Linear transformations
With a linear transformation you have
$$\begin{pmatrix}x'\\y'\end{pmatrix}=
\begin{pmatrix}a&b\\c&d\end{pmatrix}\cdot
\begin{pmatrix}x\\y\end{pmatrix}$$
and you want to find $a,b,c,d$. You can set up a bunch of equations for this:
$$\begin{pmatrix}
x_1 & y_1 & 0 & 0 \\
0 & 0 & x_1 & y_1 \\
x_2 & y_2 & 0 & 0 \\
0 & 0 & x_2 & y_2 \\
\vdots & \vdots & \vdots & \vdots \\
x_n & y_n & 0 & 0 \\
0 & 0 & x_n & y_n
\end{pmatrix}\cdot
\begin{pmatrix}a\\b\\c\\d\end{pmatrix}\approx
\begin{pmatrix}x_1'\\y_1'\\x_2'\\y_2'\\\vdots\\x_n'\\y_n'\end{pmatrix}$$
Use linear least squares approximation to determine $a$ through $d$ and you are done.
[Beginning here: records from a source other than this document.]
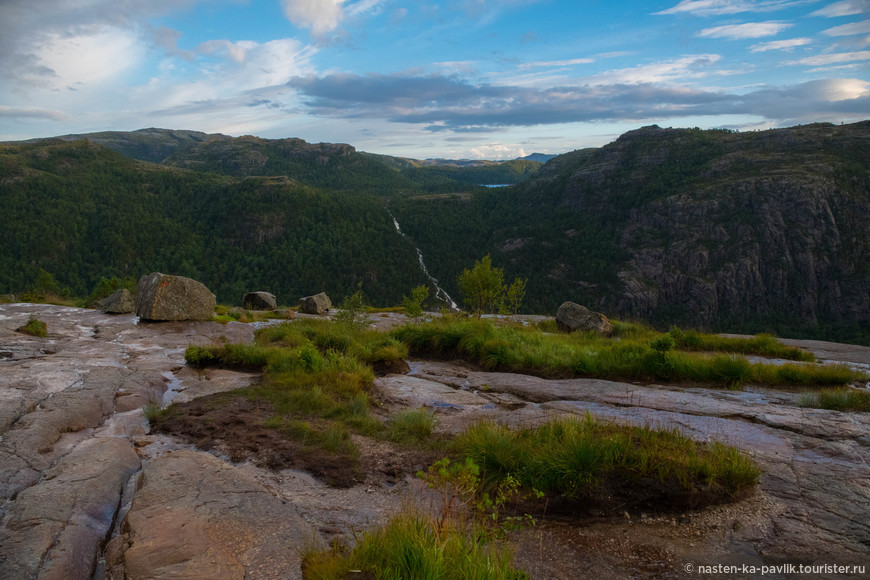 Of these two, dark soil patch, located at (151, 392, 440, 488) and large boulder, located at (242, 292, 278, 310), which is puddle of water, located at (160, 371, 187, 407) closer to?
dark soil patch, located at (151, 392, 440, 488)

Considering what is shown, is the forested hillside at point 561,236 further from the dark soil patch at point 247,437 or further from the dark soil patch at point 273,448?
the dark soil patch at point 273,448

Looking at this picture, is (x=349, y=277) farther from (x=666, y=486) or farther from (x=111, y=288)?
(x=666, y=486)

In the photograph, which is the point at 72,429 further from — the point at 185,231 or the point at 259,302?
the point at 185,231

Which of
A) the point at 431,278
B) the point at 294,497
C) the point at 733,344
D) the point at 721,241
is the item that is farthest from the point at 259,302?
the point at 721,241

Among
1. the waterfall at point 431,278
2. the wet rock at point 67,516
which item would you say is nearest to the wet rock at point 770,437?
the wet rock at point 67,516

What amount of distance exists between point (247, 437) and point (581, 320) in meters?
14.1

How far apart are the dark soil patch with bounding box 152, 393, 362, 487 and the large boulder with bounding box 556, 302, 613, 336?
12866mm

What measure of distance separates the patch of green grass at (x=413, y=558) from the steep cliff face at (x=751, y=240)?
13195cm

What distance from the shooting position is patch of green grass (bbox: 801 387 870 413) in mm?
7676

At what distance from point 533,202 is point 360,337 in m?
192

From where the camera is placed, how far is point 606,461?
17.0 feet

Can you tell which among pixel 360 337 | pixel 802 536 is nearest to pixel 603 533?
pixel 802 536

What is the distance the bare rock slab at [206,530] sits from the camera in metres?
3.76

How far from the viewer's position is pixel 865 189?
404ft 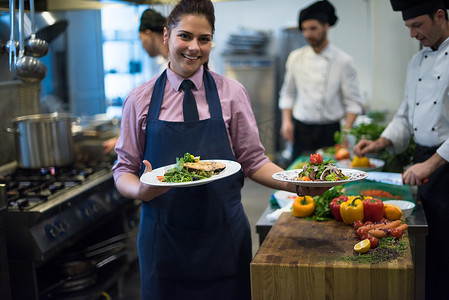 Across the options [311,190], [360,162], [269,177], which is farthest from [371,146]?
[311,190]

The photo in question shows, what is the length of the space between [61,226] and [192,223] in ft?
3.74

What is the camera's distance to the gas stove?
2.59 m

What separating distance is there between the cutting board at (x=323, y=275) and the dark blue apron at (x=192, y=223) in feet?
0.86

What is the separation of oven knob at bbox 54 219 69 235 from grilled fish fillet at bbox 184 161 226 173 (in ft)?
4.36

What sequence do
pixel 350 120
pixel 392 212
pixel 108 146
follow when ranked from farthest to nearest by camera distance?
pixel 350 120 < pixel 108 146 < pixel 392 212

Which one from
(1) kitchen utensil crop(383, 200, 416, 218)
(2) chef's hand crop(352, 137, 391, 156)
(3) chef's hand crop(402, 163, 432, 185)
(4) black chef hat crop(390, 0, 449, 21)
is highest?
(4) black chef hat crop(390, 0, 449, 21)

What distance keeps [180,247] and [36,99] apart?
2208 millimetres

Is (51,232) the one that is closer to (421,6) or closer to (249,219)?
(421,6)

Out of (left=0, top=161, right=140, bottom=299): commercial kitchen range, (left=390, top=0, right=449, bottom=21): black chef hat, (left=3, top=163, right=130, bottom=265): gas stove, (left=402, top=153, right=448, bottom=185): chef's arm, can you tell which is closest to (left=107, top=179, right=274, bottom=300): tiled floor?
(left=0, top=161, right=140, bottom=299): commercial kitchen range

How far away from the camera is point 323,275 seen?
1600 millimetres

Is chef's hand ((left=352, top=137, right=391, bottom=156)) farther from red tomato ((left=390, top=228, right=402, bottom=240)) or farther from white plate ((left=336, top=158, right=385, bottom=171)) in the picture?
red tomato ((left=390, top=228, right=402, bottom=240))

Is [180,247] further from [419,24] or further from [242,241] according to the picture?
[419,24]

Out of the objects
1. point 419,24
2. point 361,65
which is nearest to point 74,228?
point 419,24

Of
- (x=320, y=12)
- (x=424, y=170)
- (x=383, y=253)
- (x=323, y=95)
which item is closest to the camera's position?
(x=383, y=253)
Actually you could as well determine the parameters for $a,b$ and $c,d$ separately since the corresponding equations are independent. The combined view above is of benefit in cases where you want additional restrictions. So for example you might want $a=d$ and $b=-c$ to enforce angle-preserving similarity transformations. That way you have a single system of equations in two variables.
Affine transformations
Here your map is
$$\begin{pmatrix}x'\\y'\\1\end{pmatrix}=
\begin{pmatrix}a&b&c\\d&e&f\\0&0&1\end{pmatrix}\cdot
\begin{pmatrix}x\\y\\1\end{pmatrix}$$
so you have two more parameters to tune, and two more columns in your matrix. Just fill them with $1$, as $c$ and $f$ will be added to the result as they are.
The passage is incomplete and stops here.